Sidney Crosby gave a great example last night, so now an excuse to talk about a Jaromir Jagr/Mario Lemieux goal from 2001

NHL: Montreal Canadiens at Pittsburgh Penguins Charles LeClaire-USA TODAY Sports

Sidney Crosby added another moment for the ages on Saturday night when he made a slick third period spinning backhand pass to Jake Guentzel to setup a goal. It was a typical Crosby play, one he has made so many times before with the vision, touch and perfect setup to create a slick highlight.

Some of the elements reminded me of the pass Jaromir Jagr made to Mario Lemieux back in the 2001 playoffs. Just as a warning now, this could also just be an excuse to bring this highlight back and fun memory (it happened Game 1 against Buffalo on my birthday and is my favorite Penguin game birthday related moment).

Some aspects of the two plays were different, as two different hockey plays always are. Jagr didn’t have to be as precise as Crosby, he just made an area pass off the wall for Lemieux to skate into the puck, the real genius of the Jagr move was drawing in the defenders and beating them. Whereas down by the net Crosby had to be a lot more refined in his pass and the actual pass itself was the impressive part.

On the other side of the coin, Guentzel only had to keep his stick on the ice to steer the puck in for an easy on. The old goal was anything but, Lemieux still had to a lot to do on his own to finish the play with the always hilarious slap-shot breakaway goal (on no less than Dominik Hasek!) Always some gives and takes but certainly two of the more memorable highlight reels goals in Penguin history as far as the level of player involved and the appealing nature of the high-level skill being showcased.

As an unrelated sidebar, it’s hard to believe we’re only a few weeks away from the Jagr jersey retirement game. That’s been such a long time in the making for the player and organization to come back together once and for all but a moment that never felt like it would actually happen. A part of me still thinks Jagr is going to flake at the last moment or something will come up to prevent it, out of going on 25 years of starts and stops and close calls. It’s really going to happen though, with an all weekend event coming up here soon that will begin with a dinner and talk at the casino on the Friday before the game. (The jokes write themselves). I’ll write one too — no word if Phil Kessel will go unnoticed at the event playing hands of poker in the corner just waiting for the call back to the NHL.

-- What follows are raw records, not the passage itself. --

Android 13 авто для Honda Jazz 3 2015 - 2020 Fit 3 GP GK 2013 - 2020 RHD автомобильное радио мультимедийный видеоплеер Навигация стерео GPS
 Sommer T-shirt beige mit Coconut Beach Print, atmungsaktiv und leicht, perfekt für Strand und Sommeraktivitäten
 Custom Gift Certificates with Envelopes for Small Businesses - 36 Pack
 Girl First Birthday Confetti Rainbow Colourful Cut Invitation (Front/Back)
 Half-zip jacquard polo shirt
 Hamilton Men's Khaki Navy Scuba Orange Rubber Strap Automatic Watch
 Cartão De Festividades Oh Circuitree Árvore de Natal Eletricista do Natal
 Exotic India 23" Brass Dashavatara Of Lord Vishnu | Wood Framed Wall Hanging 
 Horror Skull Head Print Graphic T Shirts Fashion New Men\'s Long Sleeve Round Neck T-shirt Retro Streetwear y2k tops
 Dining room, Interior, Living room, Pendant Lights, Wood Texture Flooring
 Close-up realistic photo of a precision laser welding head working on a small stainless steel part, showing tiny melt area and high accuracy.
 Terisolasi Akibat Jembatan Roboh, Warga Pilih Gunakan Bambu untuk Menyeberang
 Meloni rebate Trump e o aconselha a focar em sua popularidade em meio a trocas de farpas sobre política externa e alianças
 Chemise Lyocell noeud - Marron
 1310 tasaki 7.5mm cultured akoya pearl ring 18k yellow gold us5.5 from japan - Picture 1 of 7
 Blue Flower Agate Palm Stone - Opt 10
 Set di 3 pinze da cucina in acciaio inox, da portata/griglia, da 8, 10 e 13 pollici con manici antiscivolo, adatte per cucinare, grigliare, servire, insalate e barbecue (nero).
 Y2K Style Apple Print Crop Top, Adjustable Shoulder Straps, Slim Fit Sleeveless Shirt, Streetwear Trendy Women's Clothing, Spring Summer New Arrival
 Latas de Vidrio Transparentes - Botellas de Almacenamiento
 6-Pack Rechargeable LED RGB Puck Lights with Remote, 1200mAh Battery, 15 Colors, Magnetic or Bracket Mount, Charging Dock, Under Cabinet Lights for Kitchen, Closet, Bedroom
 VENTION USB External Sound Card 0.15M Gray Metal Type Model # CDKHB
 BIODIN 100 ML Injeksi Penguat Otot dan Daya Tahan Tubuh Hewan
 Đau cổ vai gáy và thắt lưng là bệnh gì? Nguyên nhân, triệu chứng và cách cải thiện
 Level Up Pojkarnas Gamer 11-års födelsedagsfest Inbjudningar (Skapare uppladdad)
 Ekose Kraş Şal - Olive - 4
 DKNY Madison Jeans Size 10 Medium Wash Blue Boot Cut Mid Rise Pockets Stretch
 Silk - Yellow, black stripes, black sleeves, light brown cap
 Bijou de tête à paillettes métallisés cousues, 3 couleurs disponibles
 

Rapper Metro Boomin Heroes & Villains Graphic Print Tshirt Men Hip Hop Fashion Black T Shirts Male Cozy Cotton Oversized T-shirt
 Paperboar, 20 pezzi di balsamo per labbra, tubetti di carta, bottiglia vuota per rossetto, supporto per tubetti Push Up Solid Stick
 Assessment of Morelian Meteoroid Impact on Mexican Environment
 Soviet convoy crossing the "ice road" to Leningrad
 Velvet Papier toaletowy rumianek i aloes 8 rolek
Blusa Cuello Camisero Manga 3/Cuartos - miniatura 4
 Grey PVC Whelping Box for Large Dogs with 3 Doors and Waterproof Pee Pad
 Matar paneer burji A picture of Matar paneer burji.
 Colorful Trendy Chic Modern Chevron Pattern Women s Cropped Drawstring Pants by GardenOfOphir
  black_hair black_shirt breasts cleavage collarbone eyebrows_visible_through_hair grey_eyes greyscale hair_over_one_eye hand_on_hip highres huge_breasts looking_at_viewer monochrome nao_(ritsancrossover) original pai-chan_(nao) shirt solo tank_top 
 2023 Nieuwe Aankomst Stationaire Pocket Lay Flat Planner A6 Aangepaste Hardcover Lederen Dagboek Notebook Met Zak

Anyways, nostalgia and the past is a hot ticket for the Penguins right now. They are in a tough spot otherwise now that the Crosby/Evgeni Malkin era is approaching the Lemieux/Jagr days of soon enough being over. (The current old guys probably still do have a few years left, so enjoy ‘em while you can). The Pens are no longer true championship contenders, but they’re not in a hurry to tear down their team. They’ve given out plenty of contracts with no movement clauses, brought in free agents and made big trades lately in the effort to compete — but haven’t been able to win as many games this season as they surely would have hoped and expected.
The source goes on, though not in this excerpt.